Primark is demanding that landlords cut its shop rents by 30 per cent after struggling high street chains used insolvency tools to slash theirs.
New Look, the Topshop owner Arcadia and Monsoon used company voluntary arrangements (CVAs) to close stores and reduce their bills.
CVAs have doubled in the past two years as bricks and mortar retailers have been caught out by the rise of online shopping. The CBI reported that retailers had recorded the longest period of falling sales for eight years.

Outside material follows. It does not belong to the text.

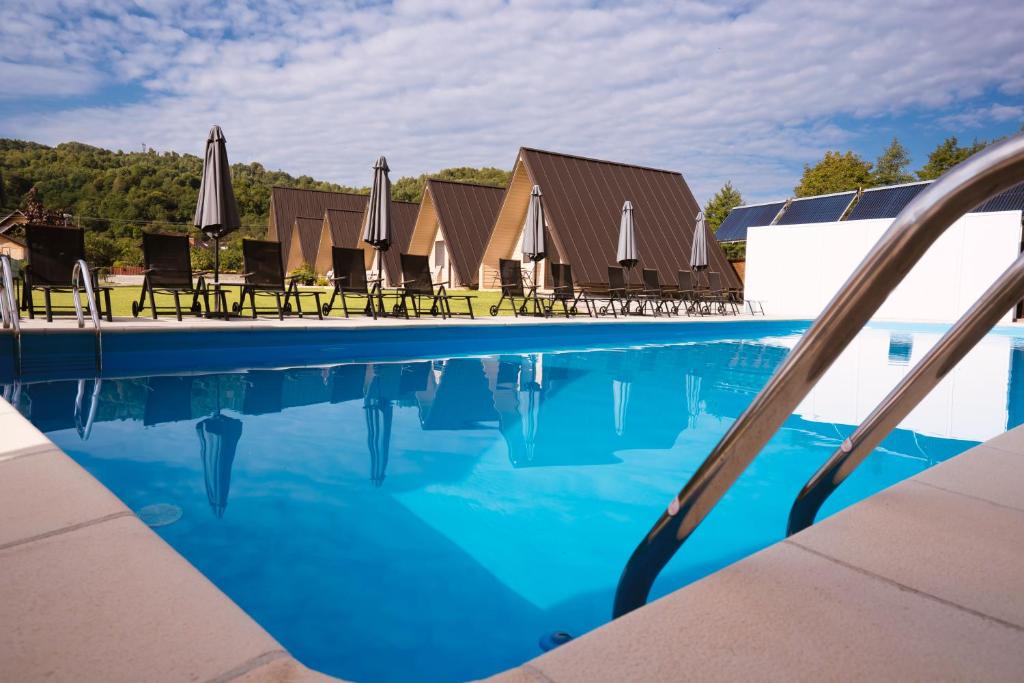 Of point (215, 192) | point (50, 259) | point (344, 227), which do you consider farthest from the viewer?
point (344, 227)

Primark, which has so far resisted launching an online store, has 189 shops in the UK and made £7 billion of sales last year. In return for rent reductions, the discount fast-fashion retailer has been offering landlords lease extensions or an investment in store refurbishment. “We have a duty to our shareholders to maintain a competitive cost base,” Primark told The Sunday Times.
Its demand will add to the woes of Britain’s listed property companies, including Intu and Hammerson, which are facing investor scrutiny about the inflated values of shopping centres.
Next has secured average rent reductions of 29 per cent. WH Smith is paying no rent on a handful of stores while Julian Dunkerton, co-founder of Superdry, warned that if landlords did not agree to rent cuts he would shut shops. Hotel Chocolat’s founder, Angus Thirlwell, said “arrogant and dominant property owners” were now being forced to be more supportive of retailers.